In the entries below, begin at the line with "Pulsera Carey" and stop after the line with "Habitación Estándar - Cama extragrande"; output those lines exactly and omit the pictures.

# # #

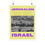 Thumbnail: Jerusalem City Print Poster | The Dome of the Rock 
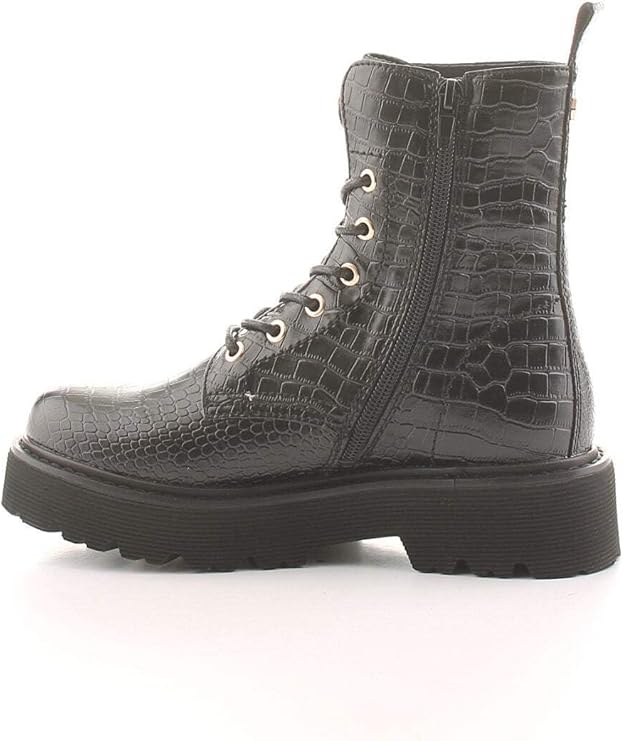 SCARPE ANFIBIO CULT DONNA - Dantoni Shop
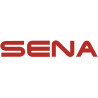 SENA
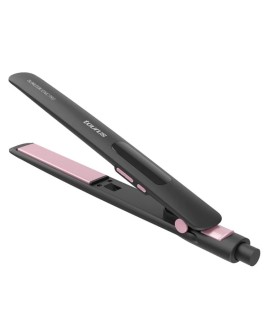 Prostownica do włosów Taurus Slimlook Ionic Pro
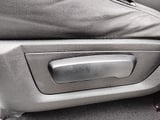 2020 Ram 1500 Classic - Preview 10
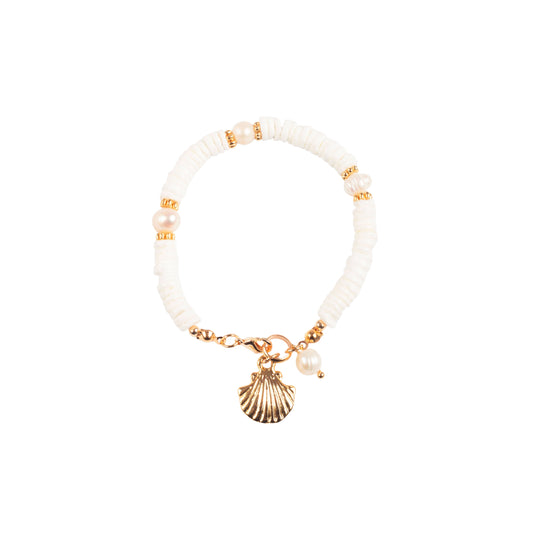 Pulsera Carey
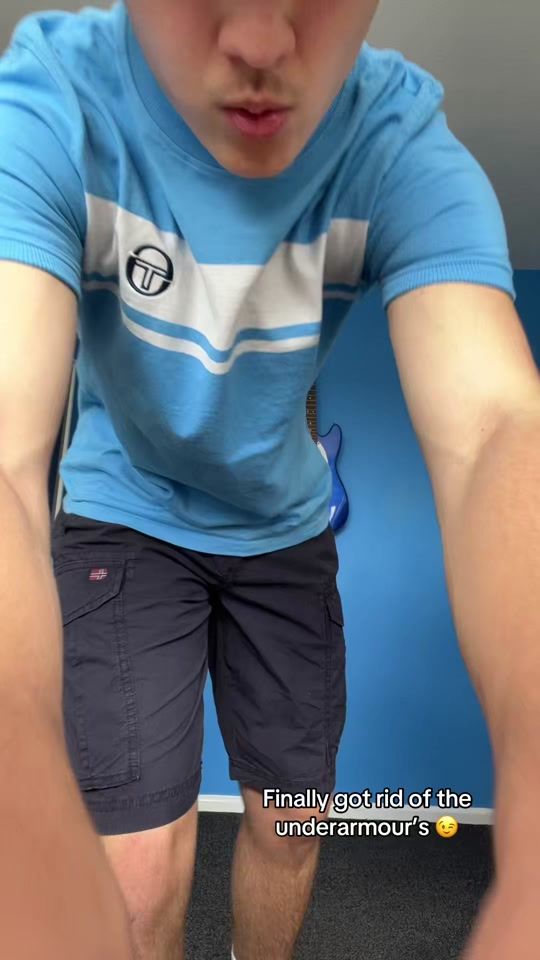 TikTok video thumbnail by njlew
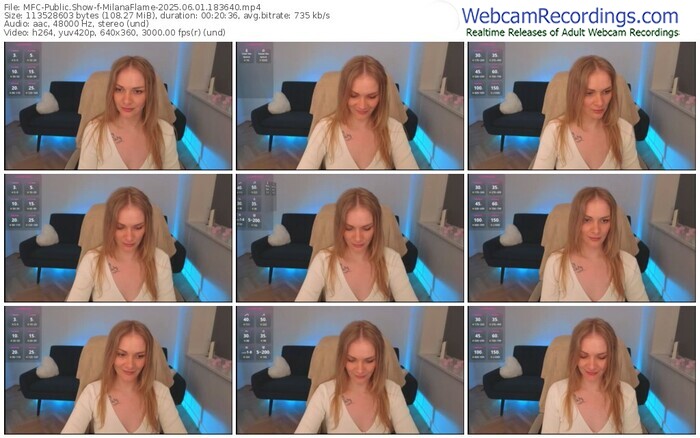 myfreecams-milanaflame-06-01-2025-18-36-40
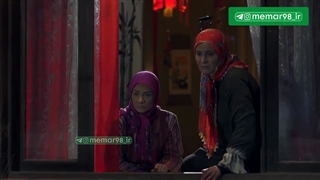 مهندس نقی معمولی و مهندس ارسطو عامل - نظام مهندسی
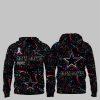 53 2025 Cowboys Crucial Catch Hoodie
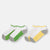 GREEN SOCKS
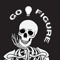 Go Figure Music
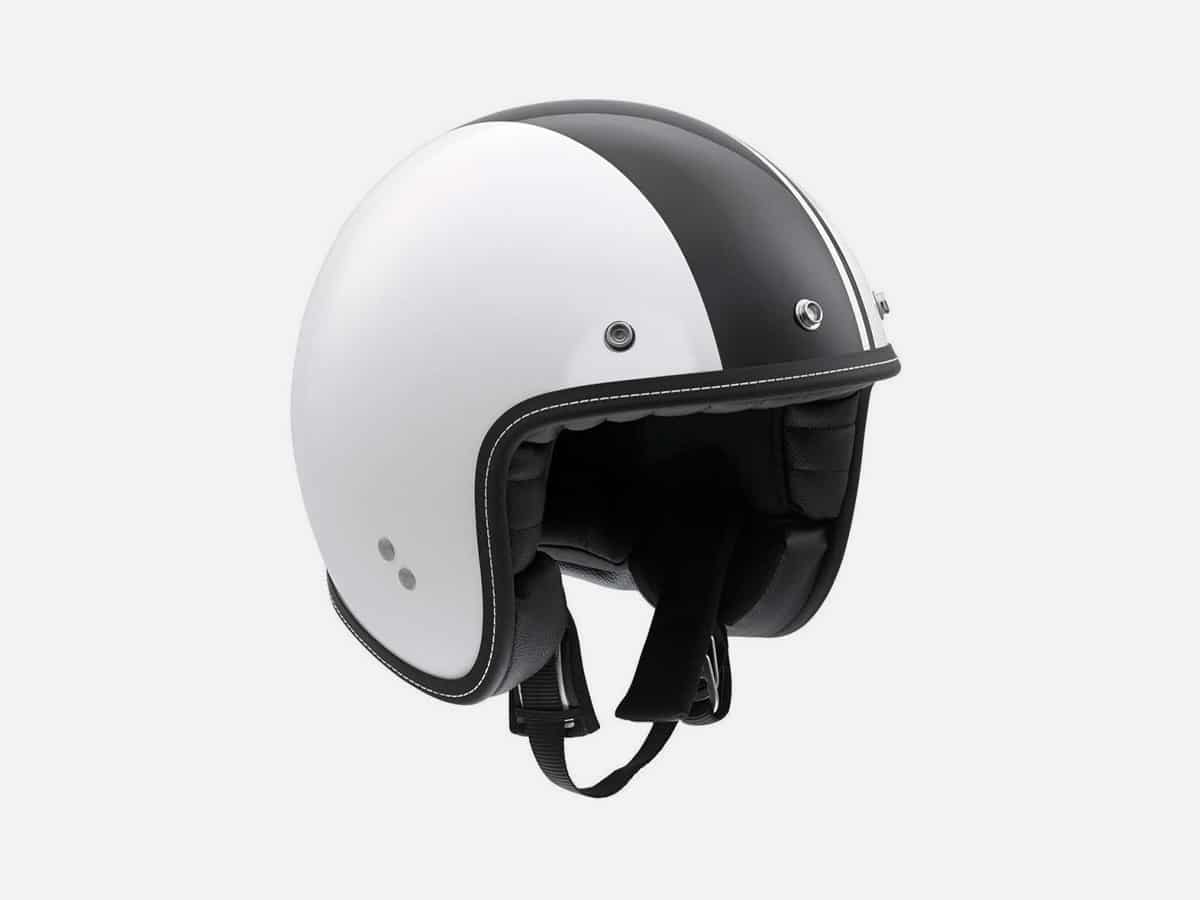 Product image of AGV RP60 Royal Motorcycle Helmet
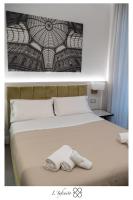 Habitación Estándar - Cama extragrande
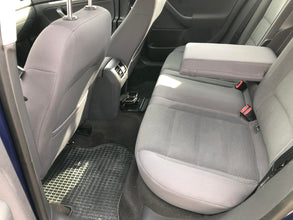 Volkswagen Golf V 1.6 I 2006
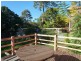 8 MARION STREET, Strathfield NSW 2135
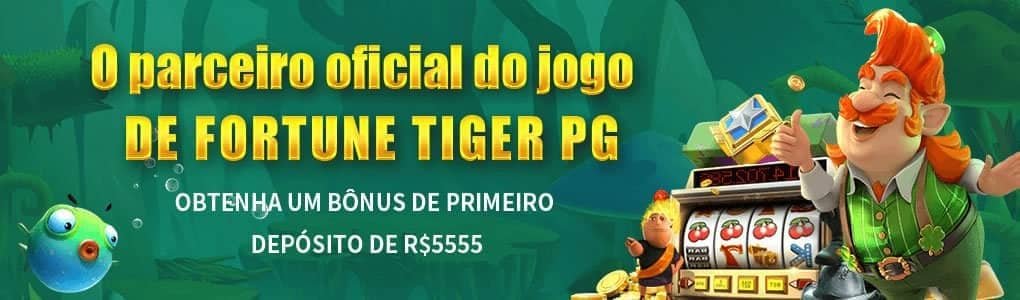 enjoy shan app Myanmar Sportsbook Live Casino Slots Esports mobile interface ကစားနည်း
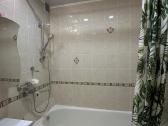 Išnuomojamas kambarys 3 kambarių bute Fabijoniškės - nuotraukos Nr. 7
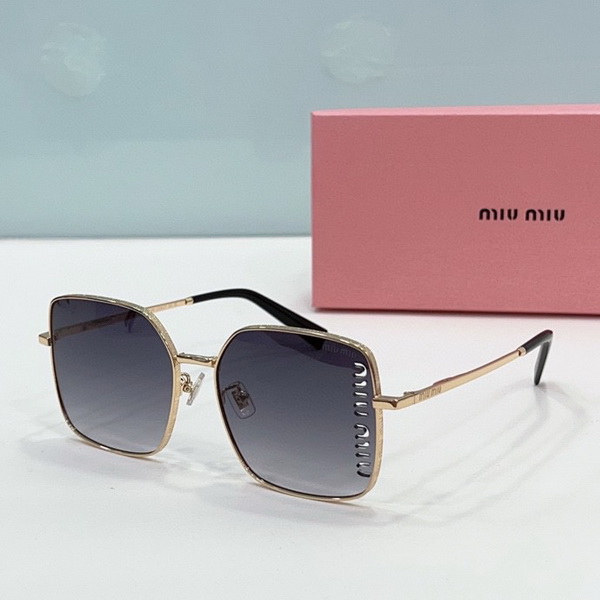 M*um*u-902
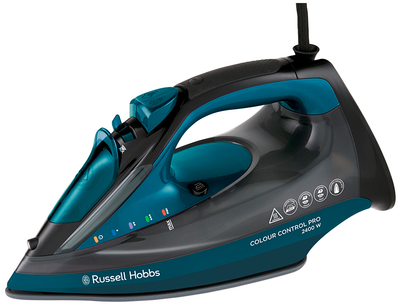 Праска Russell Hobbs Colour Control Pro 27280-56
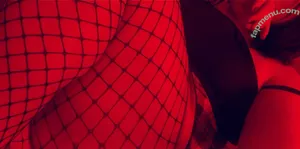 nude photo #0006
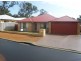 25 Claymore Loop, Dalyellup WA 6230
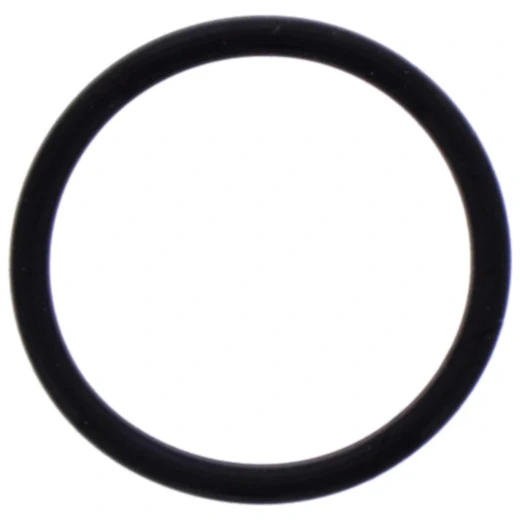 O - Ring 1. 8X18. 7 mm Originalersatzteil passend für: Triumph Speed Triple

# # #

▸ Solution:
 Pulsera Carey
 TikTok video thumbnail by njlew
 myfreecams-milanaflame-06-01-2025-18-36-40
 مهندس نقی معمولی و مهندس ارسطو عامل - نظام مهندسی
 53 2025 Cowboys Crucial Catch Hoodie
 GREEN SOCKS
 Go Figure Music
 Product image of AGV RP60 Royal Motorcycle Helmet
 Habitación Estándar - Cama extragrande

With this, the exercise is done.